== Material for the task

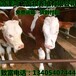鲁西黄牛肉牛犊价格300斤西门塔尔牛犊价格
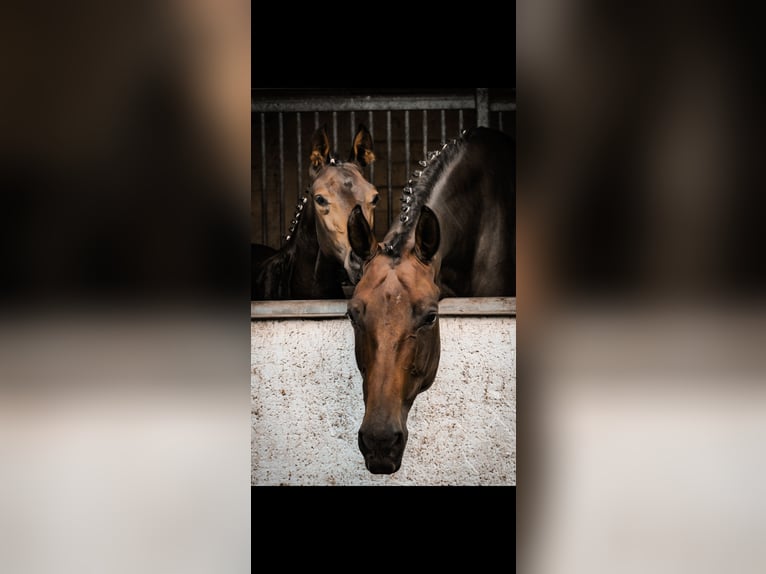 Deutsches Sportpferd Stute 10 Jahre 180 cm Brauner in BlumbergPassow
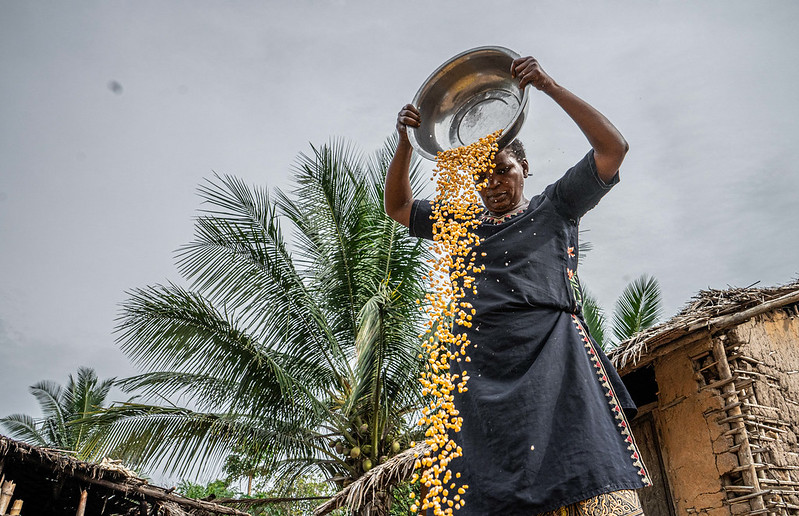 FACT Dialogue Progress Report 2022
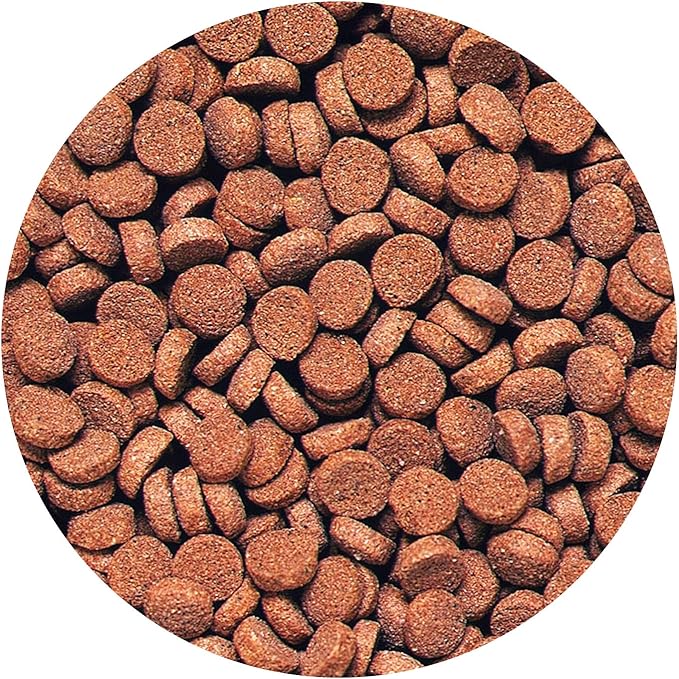 Hikari Sinking Carnivore Pellets for Pets, 2.61-Ounce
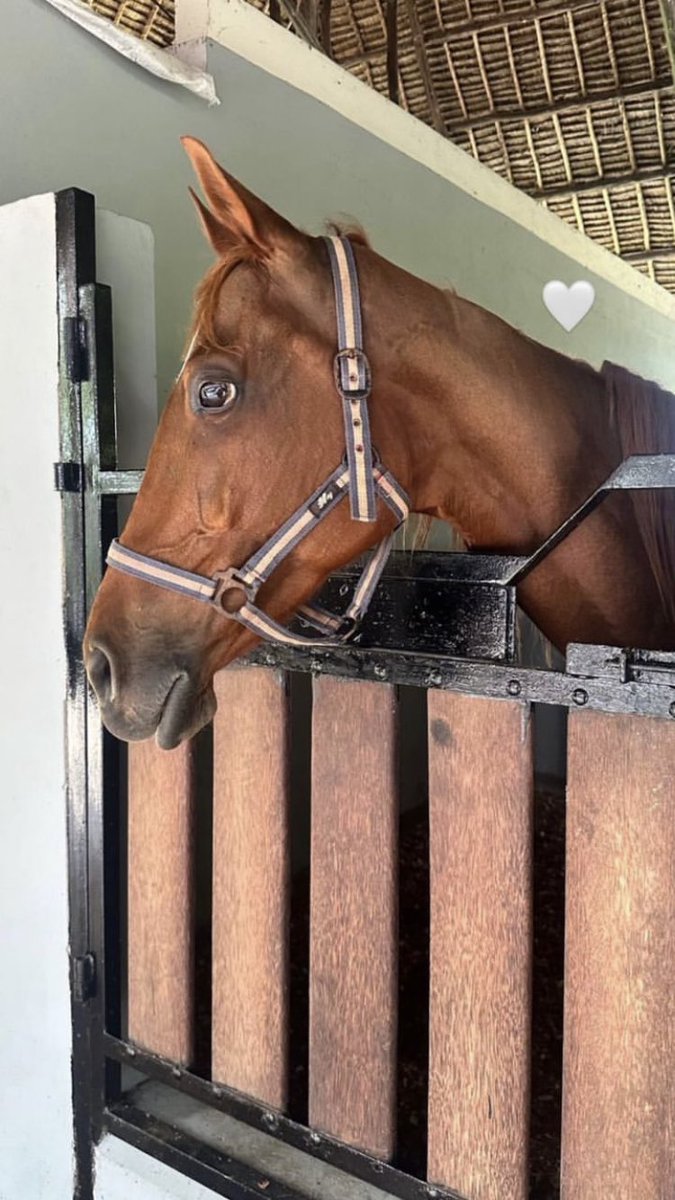 s3imm's tweet image. وين محبين الخيول 🐎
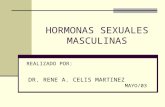 Hormonas Sexuales Masculinas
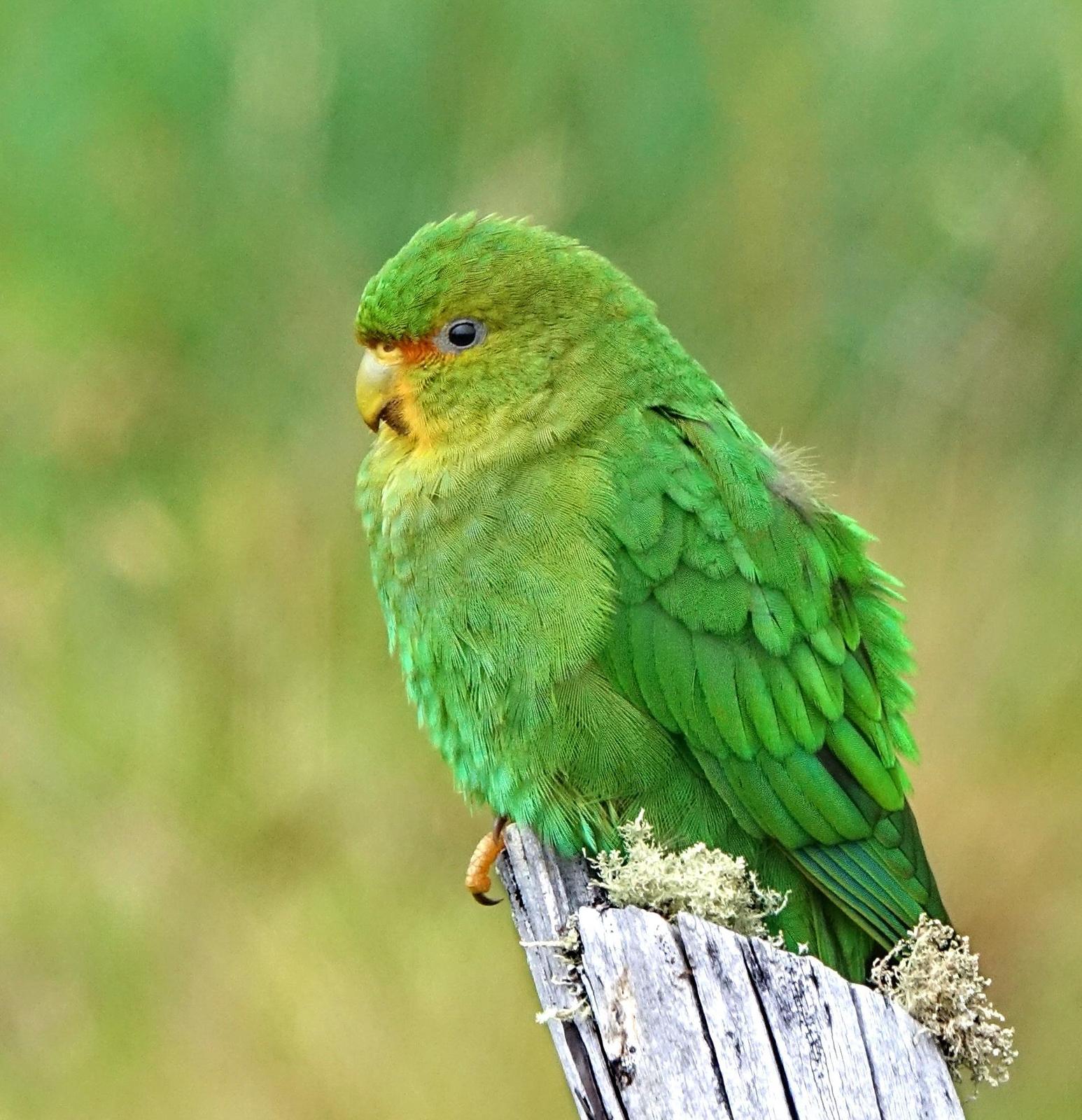 Rufous-fronted Parakeet Photo by Doug Swartz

====

Your task is to restate every record word for word. Omit all pictures.

鲁西黄牛肉牛犊价格300斤西门塔尔牛犊价格
 Deutsches Sportpferd Stute 10 Jahre 180 cm Brauner in BlumbergPassow
 FACT Dialogue Progress Report 2022
 Hikari Sinking Carnivore Pellets for Pets, 2.61-Ounce
 s3imm's tweet image. وين محبين الخيول 🐎
 Hormonas Sexuales Masculinas
 Rufous-fronted Parakeet Photo by Doug Swartz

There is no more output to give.